Kemiskinan merupakan masalah lintas sektoral dan mulai disiplin oleh karena itu dibutuhkan kerja sama antara pemerintah dan masyarakat. Dengan demikian diharapkan terjadi suatu sinergi dalam penanaggulangan kemiskinan. Adapun upayanya adalah pemenuhan kebutuhan pokok terutama ; kesehatan, air bersih, pendidikan dan perumahan bagi penduduk miskin (Soekirman, Prisma no.3 Desember 1993). Munculnya kemiskinan ini juga dilatarbelakangi oleh besarnya jumlah penduduk miskin di dunia. Bila masalah kemiskinan tidak ditanggulangi secara sungguh-sungguh selain dapat menimbulkan kerawanan sosial politik dan dapat menghambat laju pertumbuhan perekonomian negara berkembang. Dilihat dari upaya-upaya yang dilakukan pemerintah sekarang, untuk penanggulangan kemiskinan juga telah menunjukkan bahwa pembangunan sarana dan prasarana pelayanan kesehatan melalui Puskesmas dan Posyandu dan pelayanan pendidikan melalui program SD Inpres (Hermanto, Prisma no. 3 Desember 1993).
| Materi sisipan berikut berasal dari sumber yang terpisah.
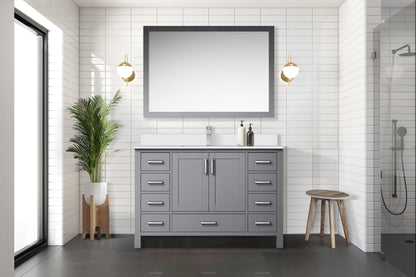 Lexora Jacques 48 in. Dark Grey Single Sink Bath Vanity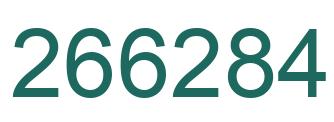 Número 266284 imagen verde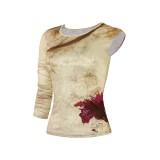 Furiosa: A Mad Max Saga Furiosa Printed Women Shirt Suit Cosplay Costume Halloween Carnival Outfit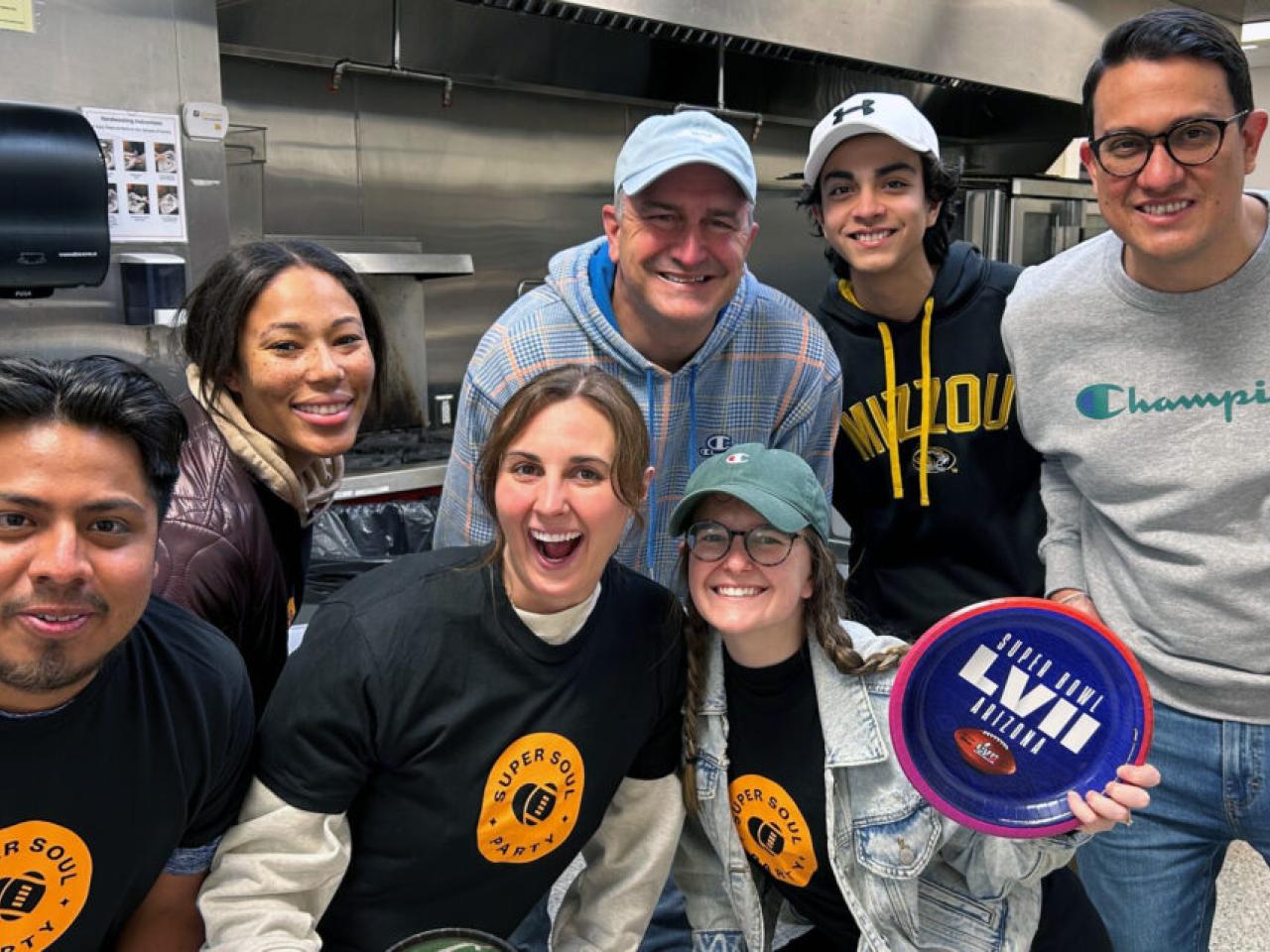 Chris Fox, HBI chief sustainability officer, and HBI associates volunteer at a Super Soul Party with Samaritan Ministries in Winston-Salem, N.C.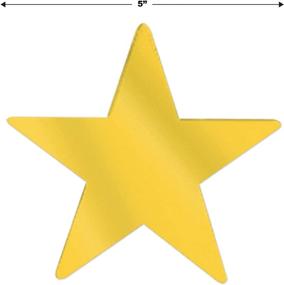 img 2 attached to 🌟 72-Pack of 5-Inch Foil Star Cutouts by Beistle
Karena tujuan pembangunan di Indonesia sendiri adalah untuk mensejahterakan bangsa, dengan kata lain untuk penanggulangan kemiskinan. Bank Dunia mendenifisikan kemiskinan sebagai suatu ketidak mampuan individu untuk memenuhi kebutuhan dasarnya (Hermanto, Prisma nomer 3 Desember 1993). Sehingga kemiskinan dalam perencanaan pembangunan memusatkan pada kelompok masyarakat di bawah garis kemiskinan. Penghapusan kemiskinan yang medesak perlu dilakukan, agar pemerintah segera mengambil langkah-langkah untuk menghapus kemiskinan (DR. Thee Kran Gie, 1981). Kemiskinan akan berakibat munculnya masalah-masalah sosial seperti munculnya gelandangan, pengemis, tuna susila, dan anak terlantar.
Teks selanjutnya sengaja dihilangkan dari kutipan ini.